Но разве что-нибудь держится за обшлагом рукава, куда кавалеристы обыкновенно прячут разные записки, деловые, любовные и просто так? Через три дня я уже потерял все, и эту в том числе.
Наконец, поражает описание неудачного наступления под Крушевцом:
Дивное зрелище — наступление нашей пехоты. Казалось, серое поле ожило, начало морщиться, выбрасывая из своих недр вооруженных людей на обреченную деревню. Куда ни обращался взгляд, он везде видел серые фигуры, бегущие, ползущие, лежащие. Сосчитать их было невозможно. Не верилось, что это были отдельные люди, скорее это был цельный организм, существо бесконечно сильнее и страшнее динотериумов и плезиозавров. И для этого существа возрождался величественный ужас космических переворотов и катастроф. Как гул землетрясений, грохотали орудийные залпы и несмолкаемый треск винтовок, как болиды, летали гранаты и рвалась шрапнель. Действительно, по слову поэта, нас призвали всеблагие, как собеседников на пир, и мы были зрителями их высоких зрелищ. И я, и изящный поручик с браслетом на руках, и вежливый унтер, и рябой запасной, бывший дворник, мы оказались свидетелями сцены, больше всего напоминавшей третичный период Земли. Я думал, что только в романах Уэллса бывают такие парадоксы.
Но мы не оказались на высоте положения и совсем не были похожи на олимпийцев. Когда бой разгорался, мы тревожились за фланг нашей пехоты, громко радовались ее ловким маневрам, в минуту затишья выпрашивали друг у друга папиросы, делились хлебом и салом, разыскивали сена для лошадей. Впрочем, может быть, такое поведение было единственным достойным при данных обстоятельствах.
Вот оно — то слияние воль, то «единодушие», к которому стремились унанимисты! Впрочем, в данном случае скорее приходит в голову другая аналогия. В тех местах, где Гумилев по-настоящему проникается воинственным духом, в тех случаях, когда над его страницами начинает витать дух Ницше, его стиль поразительно напоминает одну из самых знаменитых книг о Первой мировой войне. Имеется в виду книга «В стальных грозах» — фронтовые дневники Эрнста Юнгера.
Юнгер был моложе Гумилева на девять лет; в 1913 году, когда «синдик» Цеха поэтов в последний раз отправился в Абиссинию, 18-летний Юнгер сбежал из дома — тоже в Африку, в Алжир, где ему пришлось тянуть лямку в колониальных войсках будущих противников — французов.
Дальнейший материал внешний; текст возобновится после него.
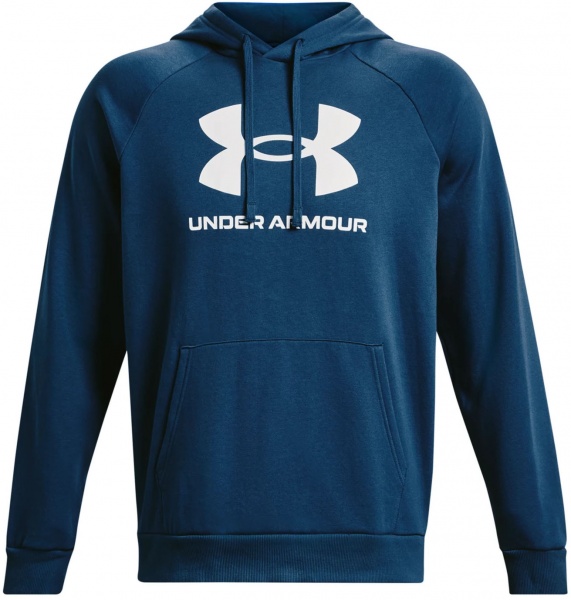 Джемпер Under Armour UA RIVAL FLEECE LOGO HD 1379758-426 р.L блакитний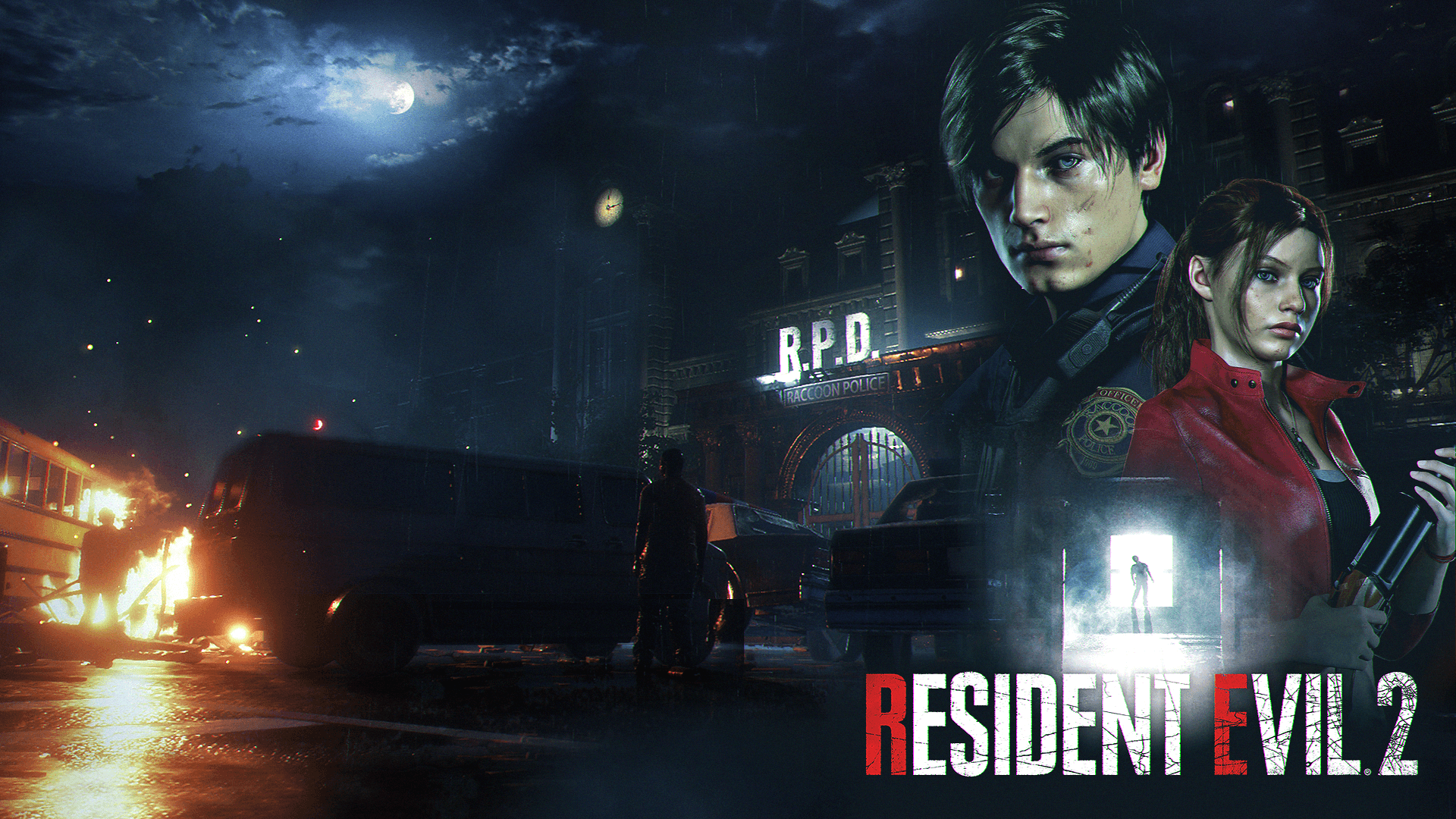 resident evil 2 remakeWallpapers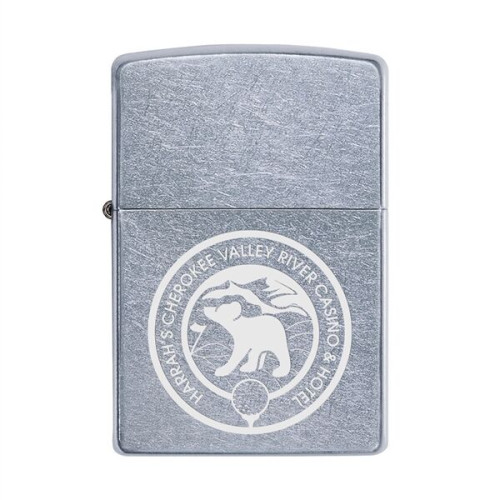 CLASSIC STREET CHROME ZIPPO® WINDPROOF LIGHTER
Звездный час его настал во время и после мировой войны, а жить ему пришлось долго — 103 года. За это время он успел побывать и чуть ли не самым знаменитым и успешным писателем Германии, и боевым офицером Второй мировой, с тайной обреченностью служащим презираемому им режиму, и заклейменным активистами денацификации, пораженным в правах «пособником диктатуры». Обо всем этом он тоже написал книги.